As the standards of productivity, and those of an ideal Soviet citizen, were revised to depend on the skill and eagerness of an individual, members of historically disadvantaged groups could increasingly attain distinction. Stakhanovism enabled indigenous workers, for instance, to prove themselves objectively, supported by the quantitative records of their production. These new opportunities for recognition provide a refreshing contrast to the 1920s, in which natives attempted in vain to convince a prejudiced team of their value in contribution to the net output of a group. Stakhanovism, furthermore, became an “indicator of loyalty” to the state; one could prove his commitment to the Soviet Union through a willingness to work and improve his skills and prospects. Many Central Asians capitalized on this opportunity to exhibit their allegiance and competence. As a result, citizens across the USSR began to recognize the working class in Central Asia as a valuable force capable of contributing to the well-being of the nation.

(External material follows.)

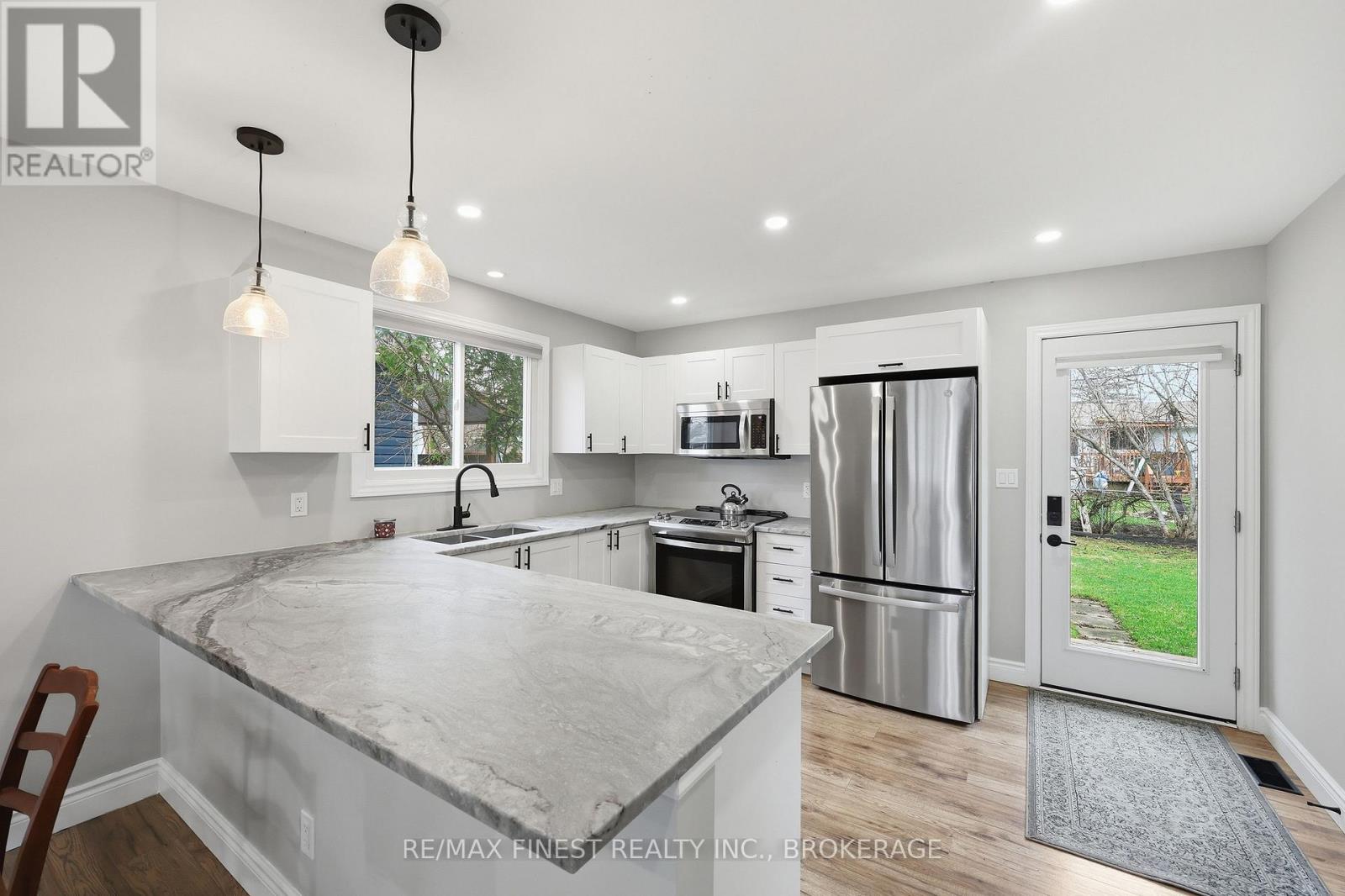 1284 Waverley Crescent, Kingston, Ontario  K7M 6J6 - Photo 12 - X13020006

There were, however, existing prejudices and conditions that rendered productive standards more elusive for indigenous workers, and Stakhanovism cannot be said to have opened opportunities in Central Asia to quite the same degree as it did in Russia proper. We will first explore several trends that encumbered Central Asian productivity and which may explain the low representation of Central Asians in the Stakhanovite “class,” before looking at the successes attained by indigenous Stakhanovite workers.
Stakhanovism, first of all, coincided with the campaign of kulturnost, or “culturedness,” which became a principal criterion of the New Soviet Man or Woman. Workers, and especially Stakhanovites, were expected to adhere to a certain degree of “culturedness,” which pertained to dress, manners, hygiene, and participation in “cultural activities,” such as Soviet ballets, operas, and literature. While “culturedness” did not explicitly reference ethnic or national origin, it contained notes of Russian superiority, since ethnic Russians were construed to be the bearers of culture, in a forest of indigenous “backwardness.” Many of these same associations of Russianness with culture were preserved in the connection between culture and Stakhanovism.
According to Stalin, Stakhanovites were “people with cultural and technical knowledge.” This “cultural knowledge,” however, was defined to be the “antithesis of Asiatic backwardness,” which incorporated, albeit implicitly, an accusation of native inferiority in the culture and productivity campaigns. The title “Stakhanovite” itself, and its association with a national “hero,” was also tinged with a hint of ethnic exclusion; Siegelbaum explains that the characterization of a “Stakhanovite” as bogatyr, literally “hero” or “Hercules,” had a “significant Russo-specific connotation,” as bogatyry were the heroes of Russian folk epics and defenders of Kievan Rus. 
Not only did the key terms of “culture,” “modernity,” and even “Stakhanovite” connote preference for ethnic Russians, but there were also practical obstacles for an indigenous worker to become a Stakhanovite. Siegelbaum proposes that Stakhanovites were set apart not by particularly exceptional skills, but by the opportunity to demonstrate abilities not uncommon to the top workers in a given field. He details the case of Stakhanov himself, who was provided with ideal conditions in order to complete his famous record; Stakhanov was given a continuous supply of compressed air and wood, as well as several “proper” assistants, which forced various workers into inconvenient and abnormal shifts. Stakhanov was even quoted as expressing surprise at having been selected to break the record for coal hewing, since other miners had been equally qualified to perform his feat, he says, if they too had been handed optimal conditions.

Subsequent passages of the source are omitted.